Hurt is unrelenting, yet something subsists in spite of it.
Betrayed by her thankless husband, the witch exacts retribution. She slays her offspring, then dispatches Jason’s lover a golden coronet and dress, both barbed with poison. All protagonists perish save for the sorceress, who flees and inaugurates a further chapter of her life in Athens. Later, she returns to Colchis or – if Herodotus is to be believed – settles among the Aryans. All is forgotten.
It cannot but be a waste, an incomprehensible gesture, a spell of folly. To slaughter one’s own kin to wipe out any remaining specks of semen; to quell the body of he who bore half your progeny. Yet the deed had to be done. No other path would have been as satisfactory.

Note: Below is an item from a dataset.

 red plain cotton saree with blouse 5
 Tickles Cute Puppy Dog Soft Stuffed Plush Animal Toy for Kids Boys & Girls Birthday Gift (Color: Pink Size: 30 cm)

This is a tale not of vengefulness, but of justice. Against those who would have her believe that the sting of betrayal can be overcome; against those who would have her believe that a feigned turn of the other cheek (an anachronism) could have led her down the path of tameness and civility, she quickens her will with a purity of intent stark enough to obliterate the past, beyond forgetting and forgiveness.
As for us, contentedly pacing to and fro amid our century’s quagmire, we quake at the mere thought of defiance. ‘Our debts are heavy enough as is! We cannot so much as dream of shaking off their yoke!’ We cannot conceive of existence beyond our burdens, yet each and every one of us knows this to be the truth: there is bad blood between we, the weak, and those to whom we’ve lost and to whom we still yield, day after day.
Solely immolation can reverse such an affront. Solely folly.